Taphonomy is the study of processes that influence the preservation of potential fossils. This field encompasses the disciplines of biostratinomy, the study of processes affecting organism remains or traces prior to their final burial, and fossil diagenesis, the investigation of phenomena affecting potential fossils after burial. Recently, taphonomy has developed both as a means of assessing bias in the fossil record and more positively, as a critical tool for paleoenvironmental analysis. Taphonomic analyses and fossil geochemistry provide valuable information on the physical and chemical parameters of environments. The assumptions of uniformitarianism are applicable at this level because the physical and chemical properties of the skeletons of organisms have probably been invariant through geologic time, despite the nonuniformity imparted by evolution. The taphonomic features of trilobites (e.g., articulation of delicate skeletal elements) may provide unambiguous evidence for episodic sedimentation; conversely, highly corroded fossil material provides a distinctive signature of long-term condensation.

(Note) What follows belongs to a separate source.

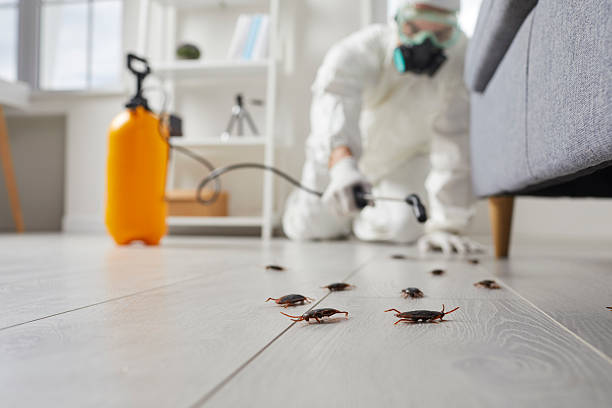 Post-Treatment Bed Bug Interceptor Monitoring in Waelder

Articulated specimens of trilobites, while generally uncommon, may be abundant in some beds. Moreover, the totally mineralized body parts of trilobites commonly have been preserved nearly unchanged for at least 520 million years. However, preser-vational features of fossil specimens can be used to decipher the taphonomic history of these specimens and provide useful clues as to original environment.

The structural complexity of the trilobite exoskeleton and the process of molting of the exoskeleton during growth increase the number of fossil parts that can be generated by a single individual. Trilobite skeletal parts can be found in a majority of fossilif-erous localities in New York, and well-preserved cephala and pygidia are generally identifiable to species. With most organisms, like bivalves or gastropods in which the skeletal growth is by accretion, the fossil is evidence of the death of an individual. Conversely, with trilobites, the presence of body parts is not a simple indicator of population density.